Insurers, banks told to brace against climate-related risks | Insurance Business

Insurers, banks told to brace against climate-related risks
The Australian Prudential Regulation Authority (APRA) has warned insurers and banks that failing to prepare for climate-related risks could threaten their stability.

The prudential watchdog delivered the cautionary message during a speech to the Centre for Policy Development in Sydney, where it said that climate change's impact was not just ecological, but also economic.

"The sustainable insurance forums view, which APRA shares, is that climate change — and here's the crucial bit — societies' response to it, are starting to affect the global economy," Geoff Summerhayes, an executive board member of APRA, said in an ABC report.

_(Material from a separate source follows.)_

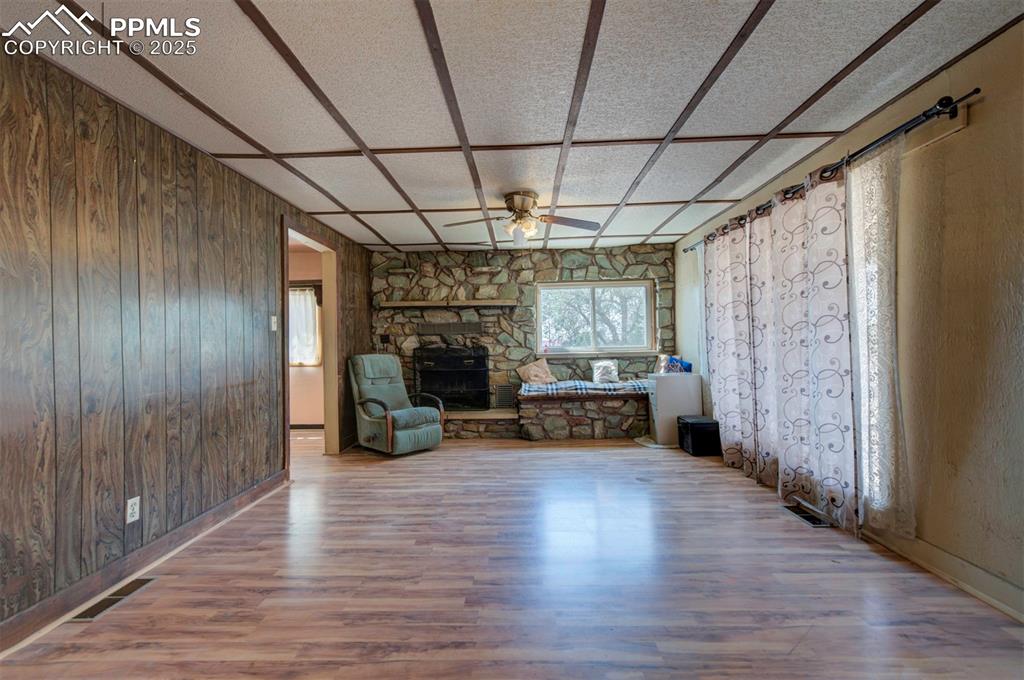 Image 7 of 22: Wood burning fireplace in living room.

Summerhayes cited as an example Cyclone Debbie, which devastated parts of northern Queensland earlier this year and resulted in $1.6bn in insurance losses.

"Should extreme weather events become more frequent and intense, as scientists predict, this type of adverse economy impact will become magnified and more common," Summerhayes said. "Consequently, raising awareness about climate risks and the need for resilience is entirely within APRA's regulatory mandate of promoting financial system stability, and in the interests of deposit-holders, policyholders, and superannuation fund members."

Already, the prudential regulator has mobilised its Climate Change Financial Risk Working Group to question entities about their preparedness against climate change-related risks – a disclosure process Summerhayes predicted would become a major trend in global regulation, ABC reported.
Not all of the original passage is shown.